If on a flat road (no crown) you can let go of the wheel and it tracks straight, but your wheel is off-center, it's probably a clear vision problem (weird name, but that's what they call the perception of steering wheel being centered). Let's say for example your wheel is off by a few degrees clockwise. If you move the steering wheel to center, both of your wheels will now be steering slightly left. So you'll want to rotate both wheels to the right by adjusting the tie-rods.

Here's your process - paint mark the relative location of the male/female threads on your tie rod ends. Loosen the jam nut (hold the outer tie rod with a wrench) on the driver's side, then screw the male threaded rod into the female (this is for our example where steering is off in clockwise direction). Do exactly half a turn, or a whole turn, but count and be exact. You've just rotated the left front wheel in by a few fractions of a degree. Tighten the jam nut. Now on the passenger's wheel, do the same procedure, but unscrew the male thread from the female by the same number of turns. This rotates the passenger wheel out. Tighten your jam nuts and test drive.

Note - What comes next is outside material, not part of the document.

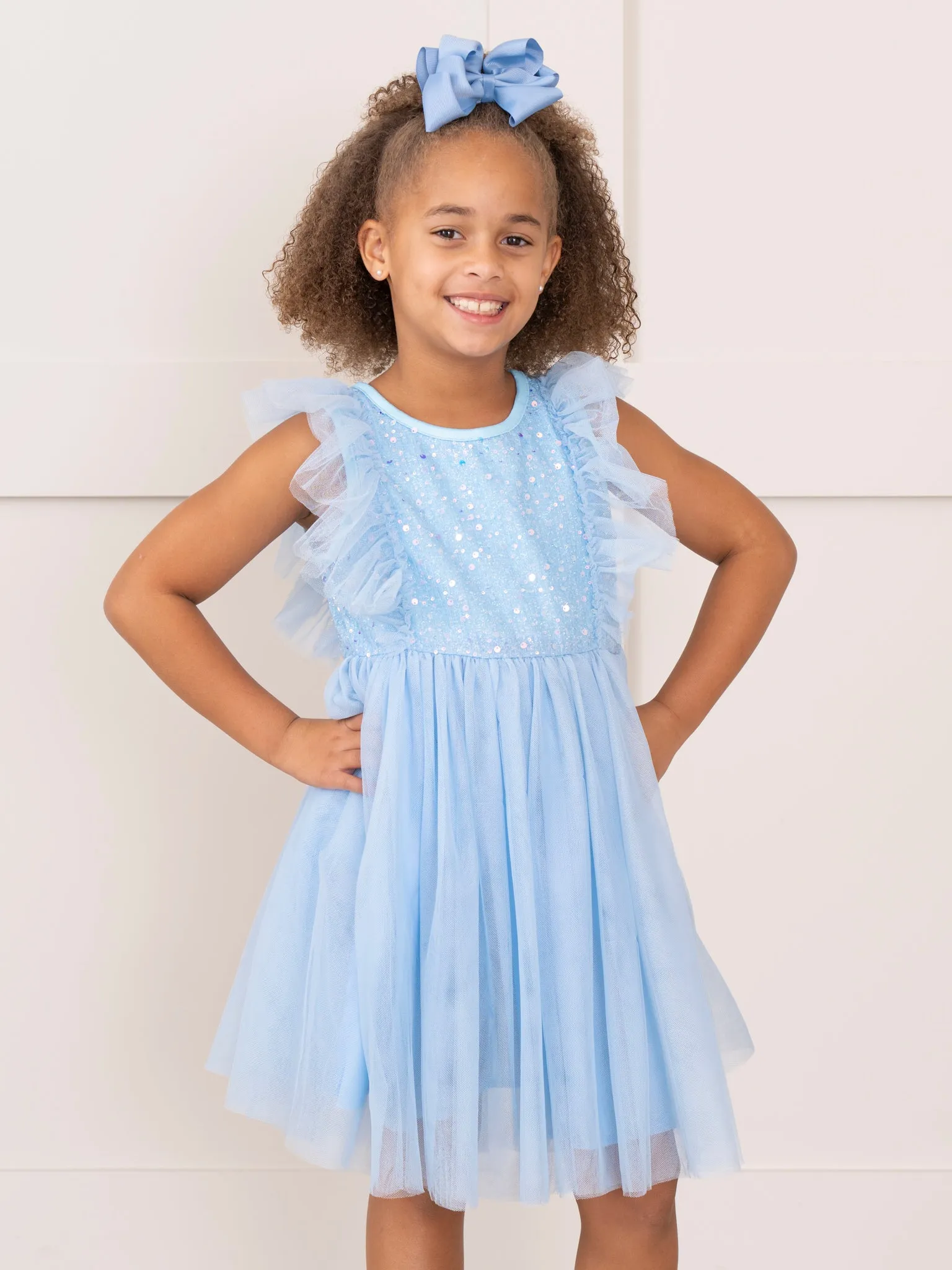 Light Blue Flutter Tulle Dress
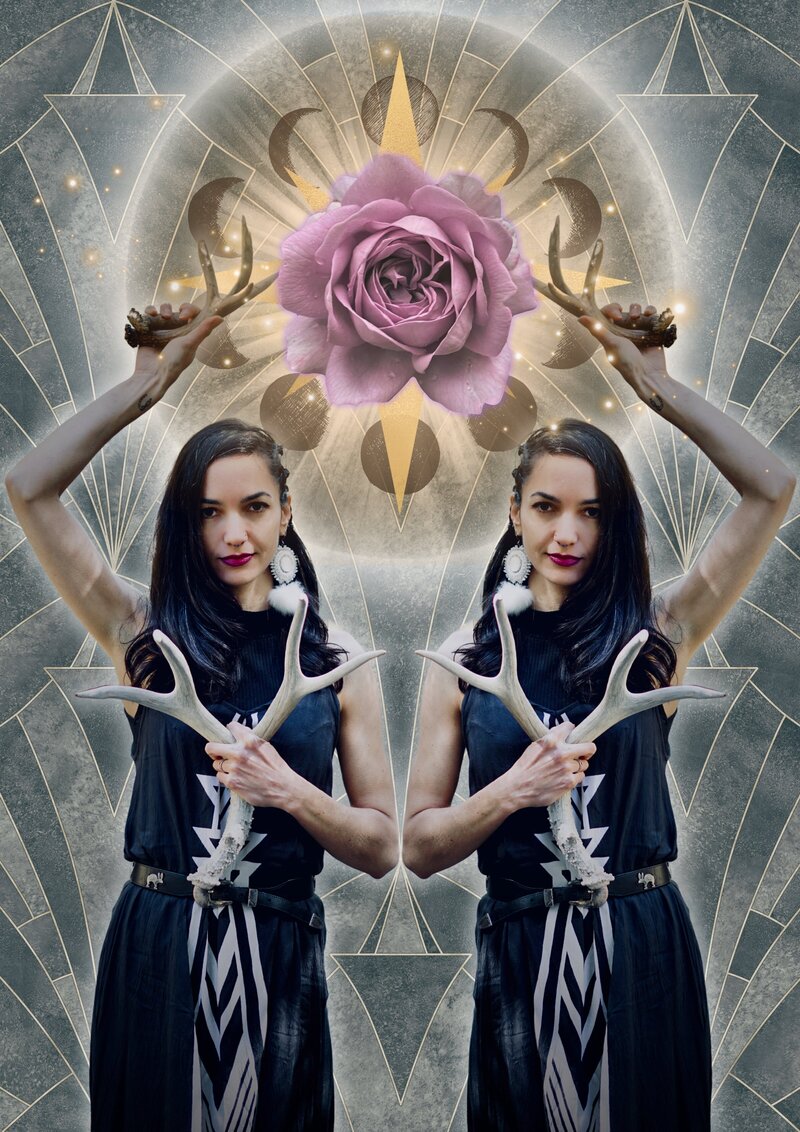 Alchemy Queen holding deer antlers in symmetrical collage art, a glowing rose surrounded by moon phases above.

Unless you have some strange tire wear that makes you think your total toe is a problem, as long as you change both tie rods by the same amount in opposite directions, you don't affect total toe - only clear vision. The Expedition we bought last year had a clear vision issue. The 1/2hr it took me to fix it was less painful than the hassle of taking it to the dealer. I did a full turn at first and it was too much, so I backed off to a half and it's now spot on.